- First, of course, there's U.S. News, which isn't alternative at all. U.S. News takes into account: a peer assessment score, a lawyers/judges assessment score, a median LSAT score, a median GPA score, acceptance rate, employment rates, bar passage rates, expenditures per student, student/faculty ratio, and library resources. This year, statistics for part-time programs were added to this mix.
- Next, there's the Brian Leiter rankings. This year Professor Leiter focused on peer assessment and lawyers/judges assessment, noting that only 70% of peers and 31% of lawyers/judges responded to the U.S. News surveys.
- Then, there's the Liberty and Light rankings, also known as the 53% rankings.

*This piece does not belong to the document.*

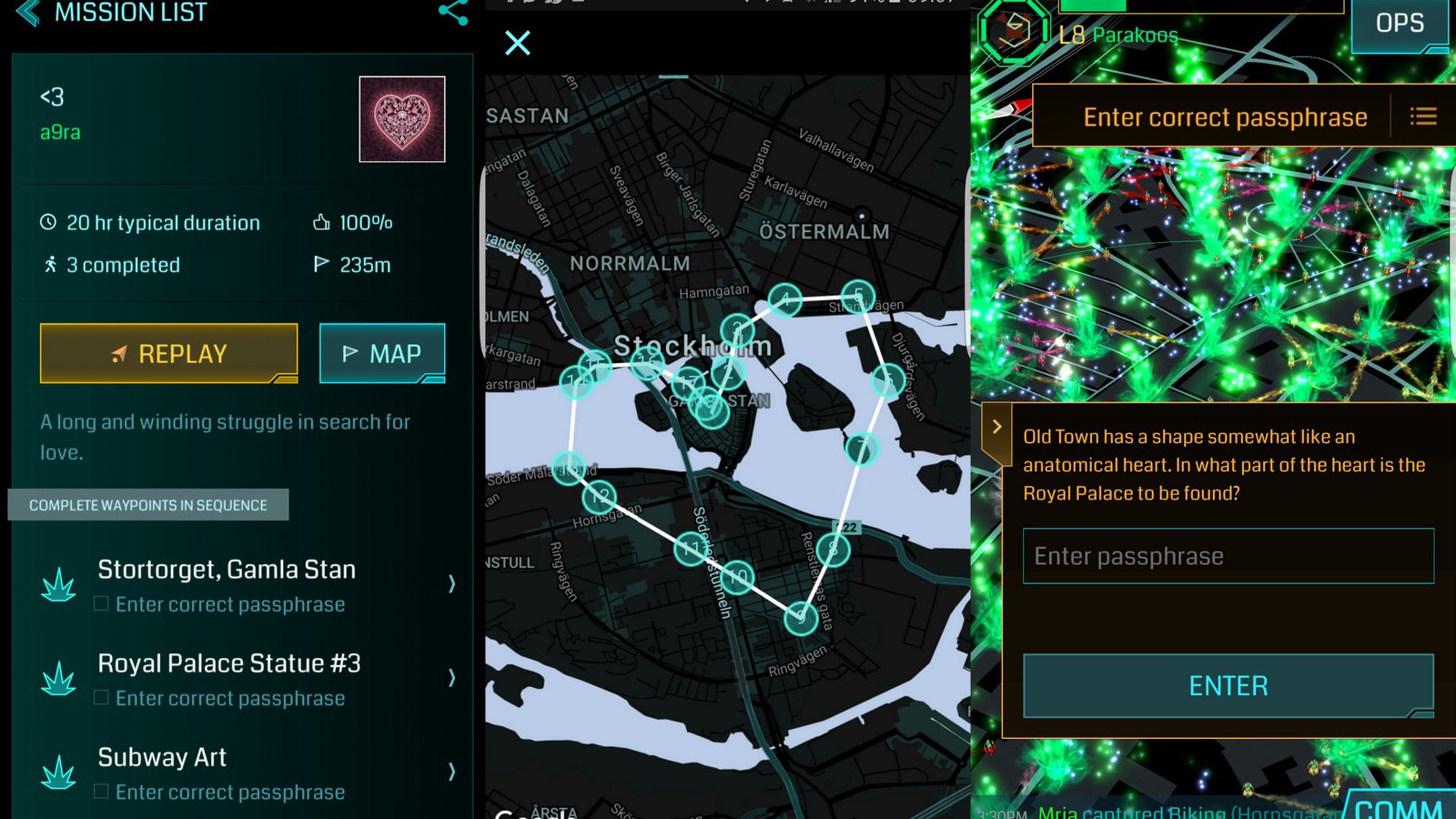 Heart Mission, Stockholm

These rankings take into account a peer assessment score, a lawyers/judges assessment score, a median LSAT score, and a student/faculty ratio score. Notably excluded are median GPA, acceptance rate, employment rate and bar passage rate, since these are not really comparable from school-to-school or state-to-state.
- You could also check out the Hylton rankings, which take into account only the peer assessment ratings and a median LSAT score. Looks pretty bare bones, but the assertion that all other stats used by U.S. News are arbitrary or redundant, does seem to have some merit. I haven't seen a 2009/2010 version of the Hylton rankings yet; the link above is to 2007/2008 version.
- Well, maybe the Hemholtz rankings (.pdf) are more up your alley. The Hemholtz rankings factor in a peer assessment score, a median LSAT score, and a median GPA score.
- If you really like self-serving rankings, check out the Thomas Cooley rankings. The Thomas Cooley rankings take into account over 32 variables, the two most important being the size of the school and whether or not the school is named Thomas Cooley School of Law. Amazingly, Thomas Cooley School of Law still came in at 12th here, a 169 spot difference from its U.S. News ranking, but a surprisingly low showing considering.
- Last, but not most ridiculous, is the Google American Law School rankings. This system takes into account which schools come up first on a Google search for "law school." I know this sounds unscientific, but don't worry, they used a "clean browser" and "appropriate filtering," so the results are about as methodologically sound as the U.S. News results.
GPA standards vary by undergrad school, so GPAs are not a reasonable way to compare law school quality. Bar passage rates vary by state due to differences in bar exam difficulty, so they are also not a reasonable way to compare law school quality. I don't see the relationship between acceptance rates and law school quality either. Factoring in library resources seems particularly ridiculous considering most legal research happens on online databases these days.